I have timeseries with several days data. I need to find a day with maximum number of outliers and plot only this day data.
Here how I do it:
#generate sample data
Sys.setlocale("LC_ALL","English")
Values <- sample(0:100,24241, replace = T)
Values <- rpois(24241, lambda=75)
start <- as.POSIXct("2012-01-15 06:10:00")
interval <- 15
end <- start + as.difftime(4, units="days") + as.difftime(5, units = "hours")
DateTimes <- seq(from=start, by=interval, to=end)
cpu_df <- tibble(datetime = DateTimes, Value = Values)
# find and plot outliers of all days ========================================
upper_bound <- quantile(cpu_df$Value, 0.975)
outlier_ind <- which(cpu_df$Value > upper_bound)
cpu_df_susp <- cpu_df[outlier_ind, ]
alldays_plot <- ggplot(data = cpu_df, aes(x = datetime, y = Value)) +
geom_point(size = 0.9, color = "darkgreen") +
geom_point(data = cpu_df_susp, color = "red", size = 1) +
geom_hline(yintercept=upper_bound, linetype="dashed", color = "red") +
theme_bw() +
labs(x="", title = paste0("% Processor Time, _Total, Percentile: 0.975, Threshold: ", round(upper_bound,2)))
# ========== convert to xts ====================================================
suppressMessages(library(xts))
cpu_df_xts <- xts(x = cpu_df$Value, order.by = cpu_df$datetime)
days <- split(cpu_df_xts, f="days")
#========= find worst day - with biggest number of outliers
outliers_number <- 0
worstday_index <- 0
for (i in 1:(length(days))) {
upper_bound <- quantile( coredata(days[[i]]), 0.975)

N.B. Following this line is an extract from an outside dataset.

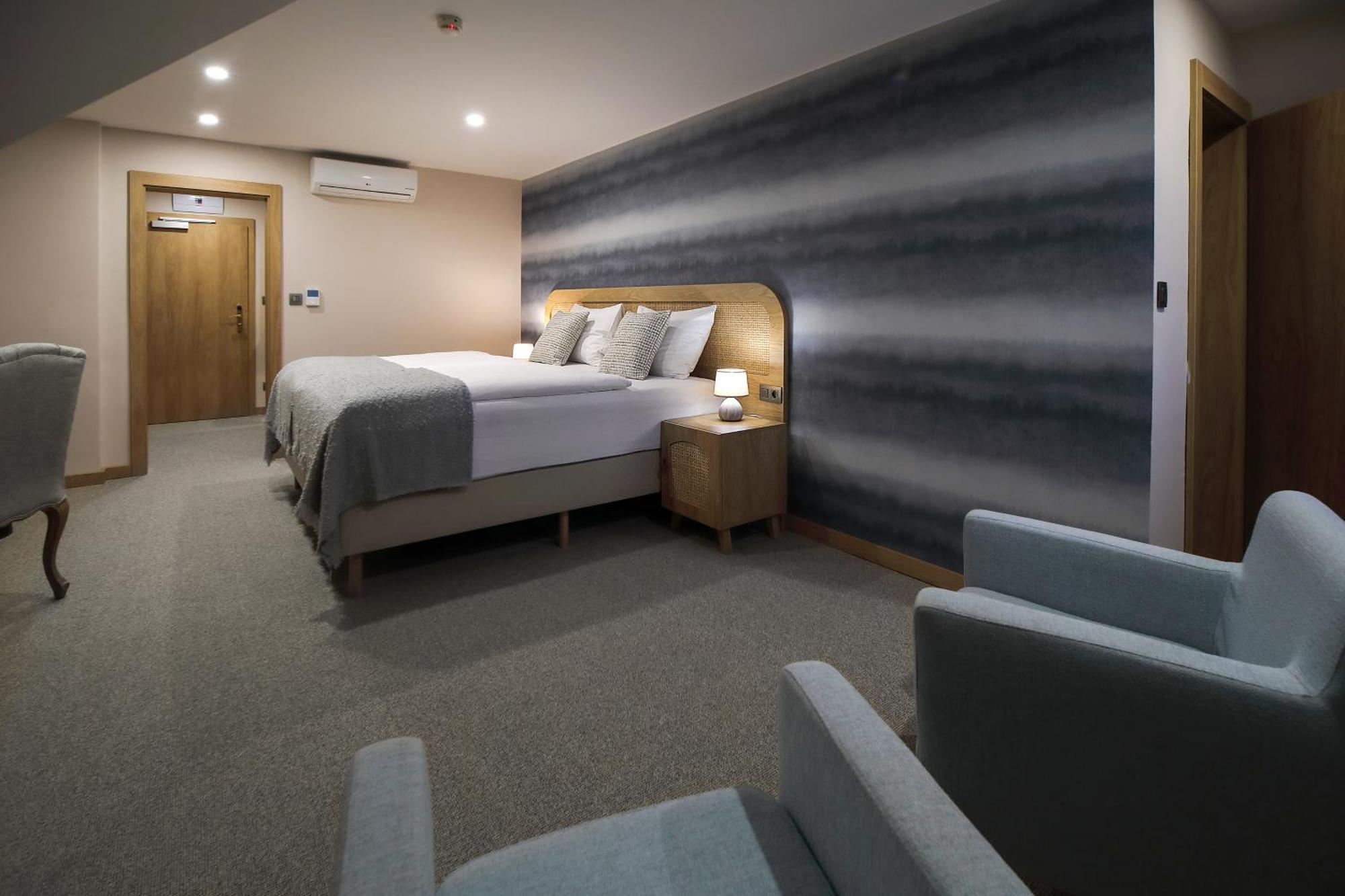 Hotel Zlaty Klucik - Golden Key With Luxury Spa Нитра Екстериор снимка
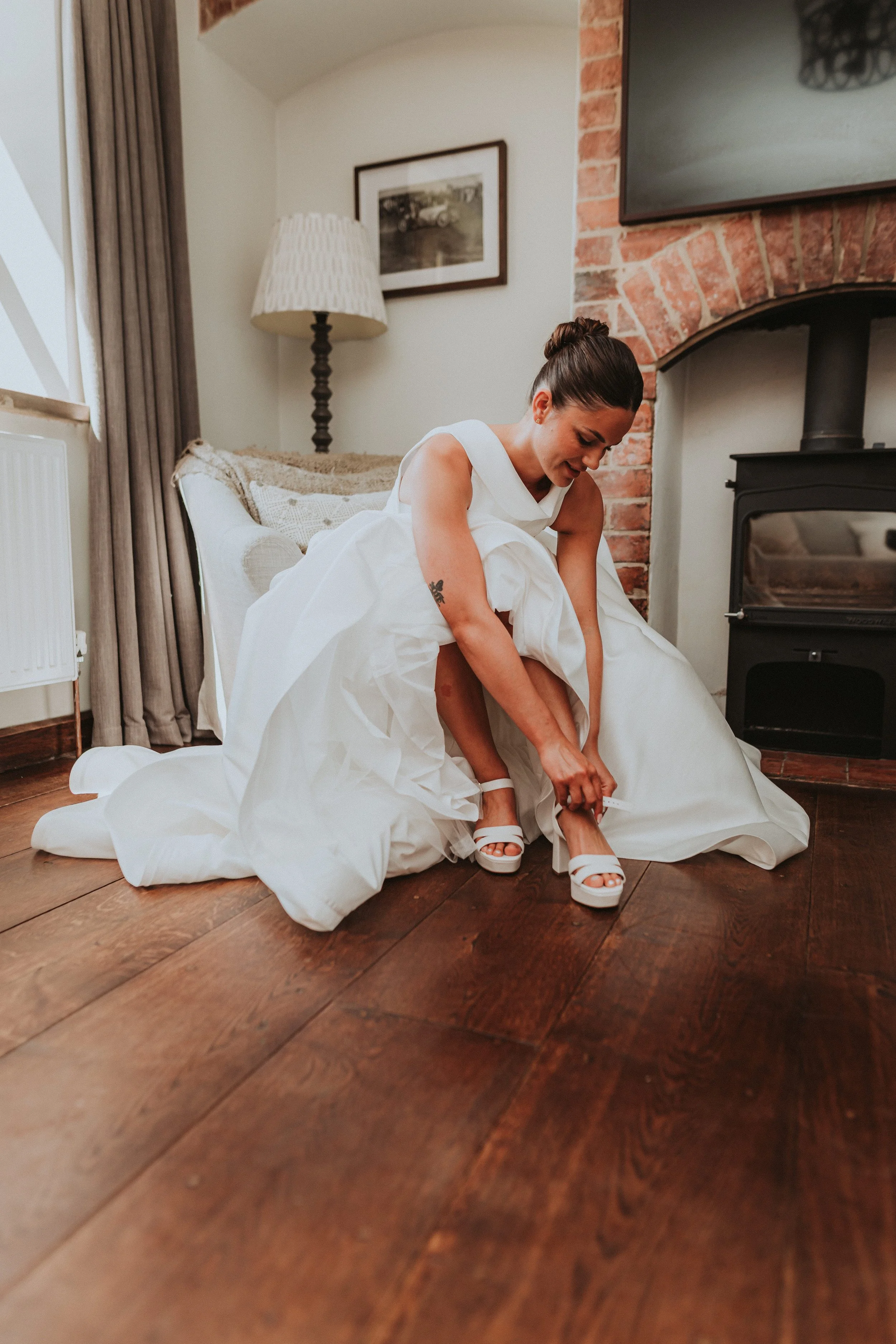 OldGoreBarn-Cirencester-wedding-photography_2.jpg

outlier_ind <- which(coredata(days[[i]]) > upper_bound)
outlier_day_number <- length(outlier_ind)
if ( outlier_day_number > outliers_number
){
worstday_index <- i
outliers_number <- outlier_day_number
worst_day_outliers_ind <- outlier_ind
}
}
WorstDay <- days[[worstday_index]]
# find outliers of worst day ====================================================
worst_day_outliers <- WorstDay[worst_day_outliers_ind, ]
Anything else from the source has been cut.